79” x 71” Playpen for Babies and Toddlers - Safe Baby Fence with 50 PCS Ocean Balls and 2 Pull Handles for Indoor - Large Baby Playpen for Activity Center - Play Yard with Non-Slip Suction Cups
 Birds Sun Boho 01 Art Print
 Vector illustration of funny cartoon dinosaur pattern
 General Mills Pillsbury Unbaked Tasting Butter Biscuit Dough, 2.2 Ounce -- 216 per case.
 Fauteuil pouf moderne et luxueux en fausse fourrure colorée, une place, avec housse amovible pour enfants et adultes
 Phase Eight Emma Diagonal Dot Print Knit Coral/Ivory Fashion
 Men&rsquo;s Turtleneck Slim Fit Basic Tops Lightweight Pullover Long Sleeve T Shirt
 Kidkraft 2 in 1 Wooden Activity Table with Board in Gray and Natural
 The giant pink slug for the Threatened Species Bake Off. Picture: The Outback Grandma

___

§ EXERCISE PROMPT
Return only this span, exactly: the line that contains "General Mills Pillsbury" and all lines after it to the end of the records.

§ RESULT FOR THIS TASK
 General Mills Pillsbury Unbaked Tasting Butter Biscuit Dough, 2.2 Ounce -- 216 per case.
 Fauteuil pouf moderne et luxueux en fausse fourrure colorée, une place, avec housse amovible pour enfants et adultes
 Phase Eight Emma Diagonal Dot Print Knit Coral/Ivory Fashion
 Men&rsquo;s Turtleneck Slim Fit Basic Tops Lightweight Pullover Long Sleeve T Shirt
 Kidkraft 2 in 1 Wooden Activity Table with Board in Gray and Natural
 The giant pink slug for the Threatened Species Bake Off. Picture: The Outback Grandma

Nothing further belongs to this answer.